Basketball Week is the flagship event of the FIBA Europe-SOEE partnership that was established in May 2004 with the signing of an agreement of cooperation to develop basketball for players with intellectual disabilities. The benefits of the partnership are already evident with the number of Special Olympics players in Europe/Eurasia increasing from approximately 13,000 to 20,000 players.
“We are delighted that national basketball federations and professional clubs came out in force during the first Special Olympics European Basketball Week. Courts sizzled across the region as players with intellectual disabilities had a chance to play basketball,” said Michael Smith, managing director, SOEE.
“We hope the basketball world will continue to support our players so that many more people can enjoy this great sport and show that through sports people with intellectual disabilities can be included more in society,” he added.
“FIBA Europe is happy to support the Special Olympics European Basketball Week because it represents an opportunity for FIBA Europe to fulfill its mandate to promote basketball, in all its forms, throughout the region,” said Nar Zanolin, secretary general, FIBA Europe.
“We want more people with intellectual disabilities of all ages and abilities to have a chance to experience the thrill of a sport that is enjoyed by us all,” he added.

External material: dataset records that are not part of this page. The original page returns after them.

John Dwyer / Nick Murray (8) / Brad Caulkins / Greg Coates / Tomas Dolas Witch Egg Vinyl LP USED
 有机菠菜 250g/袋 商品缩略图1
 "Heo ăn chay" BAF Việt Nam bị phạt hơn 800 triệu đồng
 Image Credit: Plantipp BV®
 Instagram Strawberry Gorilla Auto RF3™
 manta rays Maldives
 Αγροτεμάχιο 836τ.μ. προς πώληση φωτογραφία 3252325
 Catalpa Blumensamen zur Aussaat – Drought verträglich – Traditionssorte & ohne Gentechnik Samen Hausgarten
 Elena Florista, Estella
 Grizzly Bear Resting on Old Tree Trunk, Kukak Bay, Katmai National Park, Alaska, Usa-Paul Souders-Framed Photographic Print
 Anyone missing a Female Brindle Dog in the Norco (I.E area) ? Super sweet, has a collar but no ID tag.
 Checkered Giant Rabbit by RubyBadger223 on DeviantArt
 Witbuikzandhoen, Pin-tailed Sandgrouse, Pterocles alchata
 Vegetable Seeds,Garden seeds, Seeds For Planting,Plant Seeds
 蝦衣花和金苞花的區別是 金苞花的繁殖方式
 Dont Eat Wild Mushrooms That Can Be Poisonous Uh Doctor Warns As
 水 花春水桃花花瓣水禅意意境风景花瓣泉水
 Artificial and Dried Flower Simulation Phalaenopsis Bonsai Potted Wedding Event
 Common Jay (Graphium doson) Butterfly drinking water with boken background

Special Olympics, founded in 1968 by Eunice Kennedy Shriver, is the world’s largest year-round program of sports training and competitions for individuals with intellectual disabilities. More than 1 million athletes in over 150 countries train and compete in 26 Olympic-style summer and winter sports at local, national and international events. Through its sports programs, Special Olympics strives to provide long-term benefits to individuals’ health, self-esteem and social integration.
Special Olympics and Paralympics are two separate organizations recognized by the International Olympic Committee (IOC). Special Olympics provides sports opportunities for individuals with intellectual disabilities of all ability levels. Paralympics provides sports opportunities for elite-level athletes with disabilities.